Remember Colin Kaepernick? How could you forget? He’s the only professional football player who seems to cast a longer shadow when he’s on one knee than when he’s standing behind the line of scrimmage. His action and the movement for which he stands have provided NFL proceedings with a low level of controversy since 2016, which seems to shift back and forth from background noise to the center of attention a few times a year when someone like Jay-Z partners with the NFL or Rihanna turns down a Super Bowl performance. Kaepernick made headlines again in November 2019 when he participated in a workout for several NFL teams, assumedly in the hopes to prove that he still has what it takes to perform as a high-level professional quarterback. But how did we get here? Why did the simple action of taking a knee prove so resonant that I could write a blog post about it over three years later?

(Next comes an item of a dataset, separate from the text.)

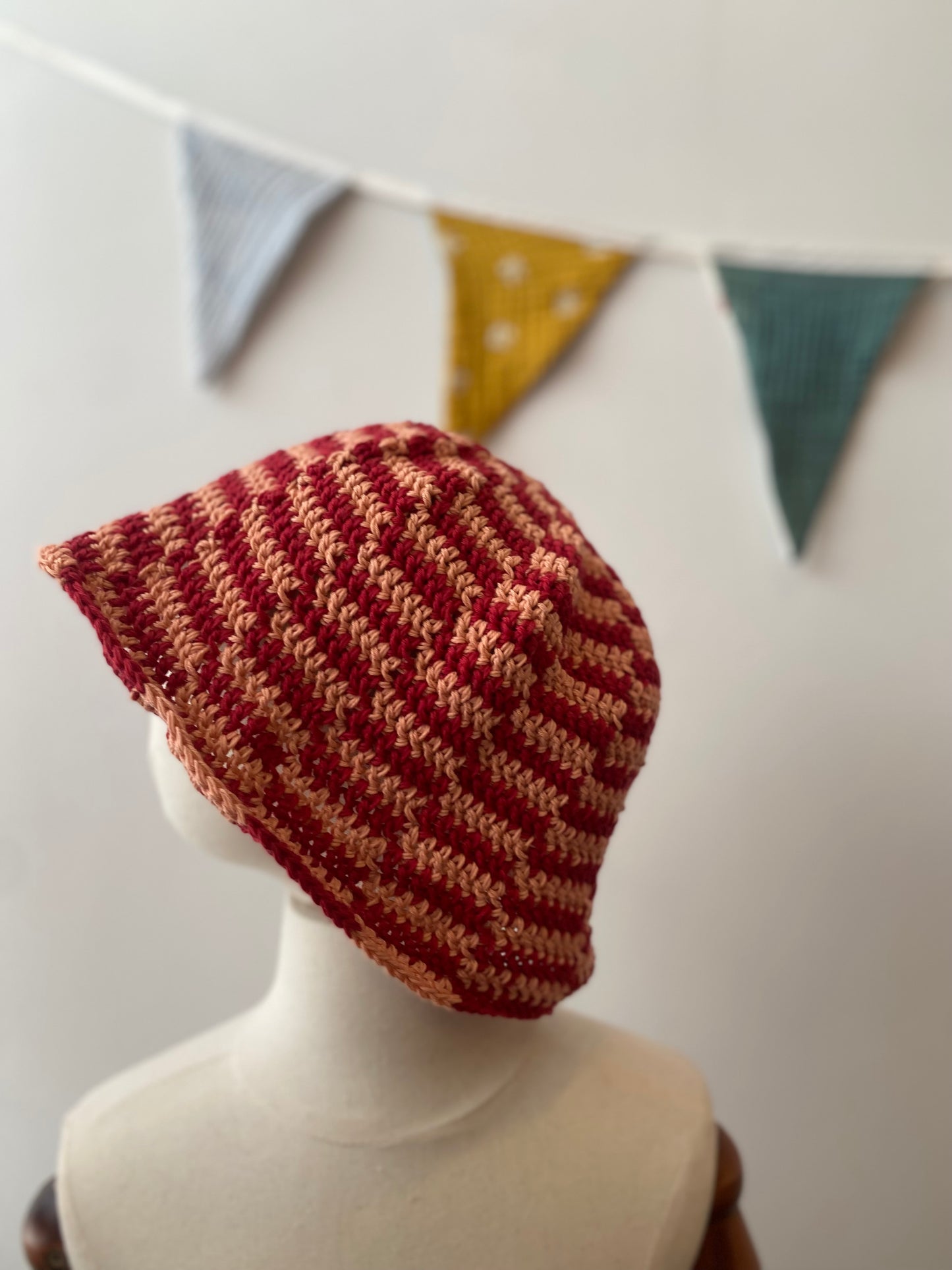 Crochet Wool Bucket Hat with Red Stripes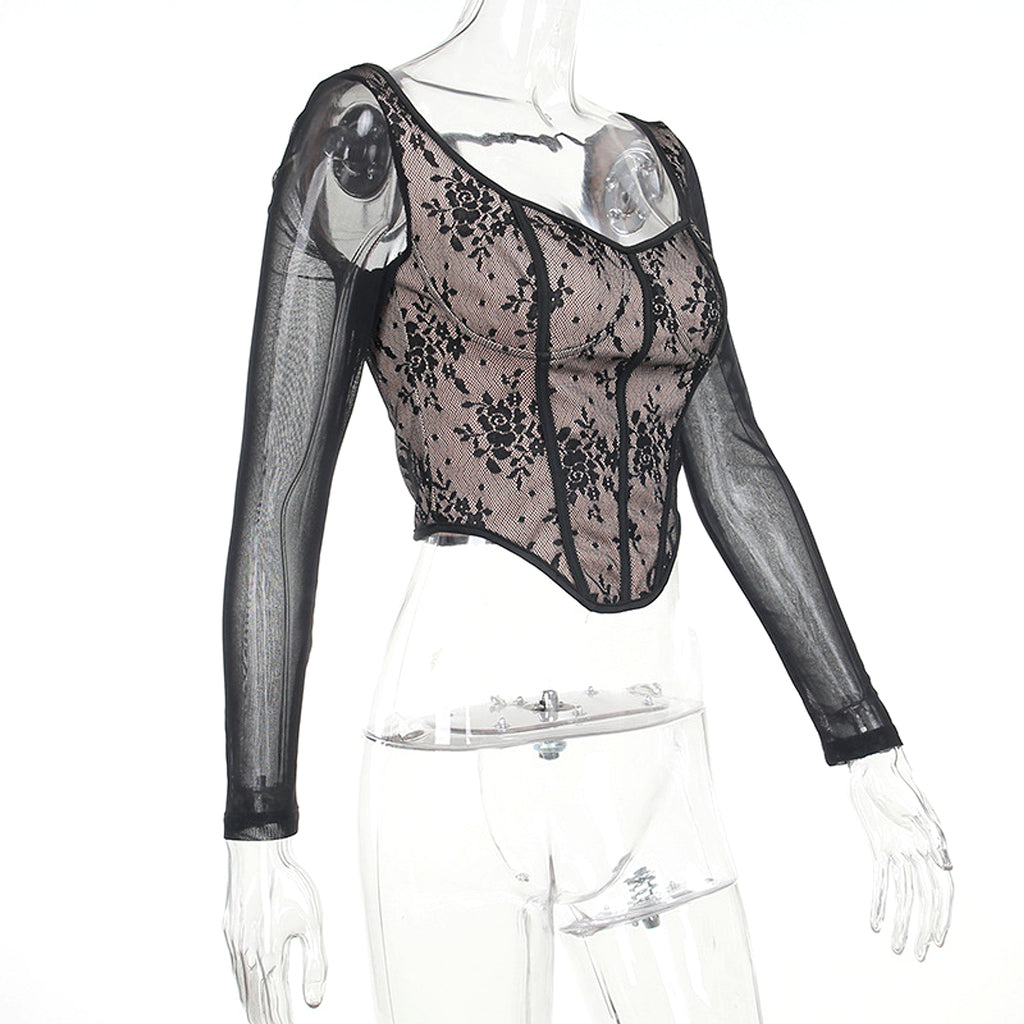 A1. Lace Stitching Girdle Printed Long-sleeved T-Shirt Women - enhanced image 8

The answer has to do with meaning making and symbol management – semiotics, as the discipline has come to be called. The semiotics of Charles Sanders Peirce, in particular, provide a helpful rubric for organizing the shifting symbolic activity involved in this case study. Peirce understood all human cognitive activity to take a tripartite structure; to consist of a physical manifestation, which he called a representamen, to stand for something other than the representamen, which he called an object, and for these two to be associated with one another through the action of an “interpretant” (Chandler 2017). These three components of symbolic activity are frequently diagrammed as such:
Peirce’s semiotics provides a way to organize the symbolic activity, not necessarily to provide new insight. However, in the case of Kaepernick, organizing the semiotic process is exactly what we need.
Star Spangled Signs
The symbolic story of Colin Kaepernick begins centuries ago. In 1814, Francis Scott Key wrote what would become America’s national anthem to commemorate the resilience of Fort McHenry after being bombed by the British in the War of 1812. Representamen: song. Object: the bombing of Ft. McHenry. Interpretant: Living memory.

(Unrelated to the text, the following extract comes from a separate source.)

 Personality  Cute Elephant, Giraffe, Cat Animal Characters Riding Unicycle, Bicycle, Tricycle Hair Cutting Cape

It was a century later, however, in 1916, that the Star Spangled Banner began to be used as the National Anthem. Woodrow Wilson signed an executive order that assigned new meaning to the song for the American military (Klein 2014). While it took 15 years for this order to actually be signed into law, it indicated an important semiotic shift: while the of song remained the same, the object shifted toward the ideal of national identity through the interpretant of governmental propaganda.
Since then, there have been few minor symbolic waves to the national anthem, but the boat was rocked to an unprecedented degree in the Fall of 2016. In an attempt to protest the nationwide prevalence of deaths of black men at the hands of police officers, NFL quarterback, Colin Kaepernick refused to stand for the national anthem during a preseason game. Our semiotic story gets tricky here, as we begin to deal with more than one symbolic thread. By juxtaposing the perceptual object of sitting (and later kneeling) with the perceptual object of the national anthem (in song), Kaepernick succeeded in gaining controversy and attention, without succeeding in redefining the symbolic terms for large portions of the public.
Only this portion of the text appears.